Inoltre per Puccetti «Nei contesti dove è maggiormente diffuso il sentimento pro-life si registra un’abortività nettamente inferiore»: da uomo di scienza dovrebbe spiegare in che misura si può misurare il “sentimento pro-life” nella società considerando inoltre che lo studio dell’opinione pubblica non appartiene alla medicina ma alla sociologia.
Per ultimo secondo Puccetti «la restrizione all’aborto si associa a tassi di abortività inferiori». Questa opinione smentirebbe addirittura una ricerca pubblicata da una delle principali riviste scientifiche mondiale, The Lancet, che ha esaminato i dati raccolti dall’Organizzazione mondiale della sanità, in tutto il mondo, su un arco di tredici anni, dal 1995 al 2008. Nello studio i ricercatori sottolineano che «il tasso di aborto è più basso nei paesi con leggi più permissive» e che «leggi più restrittive sull’aborto non sono correlate con un abbassamento del tasso di interruzione di gravidanza».

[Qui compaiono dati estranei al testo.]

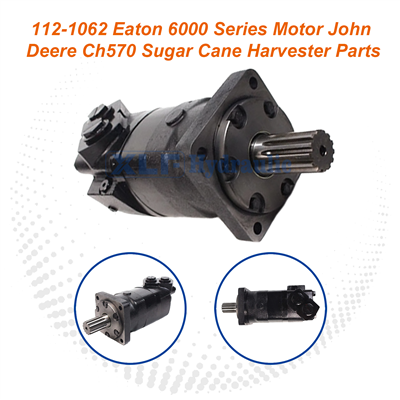 112-1062 Eaton 6000 Series Motor John Deere Ch570 Sugar Cane Harvester Parts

Insomma la ricerca del dottor Renzo Puccetti e dei suoi colleghi smentirebbe gran parte della letteratura scientifica internazionale secondo cui l’educazione sessuale, l’uso di contraccettivi e l’accesso sicuro all’aborto sono gli unici modi per avere un basso tasso di aborti: a questo punto si aspetta solo di leggere questa ricerca con dei risultati che la stessa agenzia della congregazione dei legionari di Cristo definisce “sorprendenti”.
E questo è il passaggio che preferisco:
… per Puccetti «Nei contesti dove è maggiormente diffuso il sentimento pro-life si registra un’abortività nettamente inferiore»: da uomo di scienza dovrebbe spiegare in che misura si può misurare il “sentimento pro-life” nella società considerando inoltre che lo studio dell’opinione pubblica non appartiene alla medicina ma alla sociologia.
Come sempre, questa gente spilucca qua e là da discipline di cui non ha la minima competenza, come quando prendono la questione della “sessualità naturale” o contronatura dalla filosofia platonica e la fanno diventare furbescamente un concetto scientifico…
Grazie Alessandro,
aspetto di leggere nel dettaglio (se sarà pubblicata) questa ricerca per capirne meglio.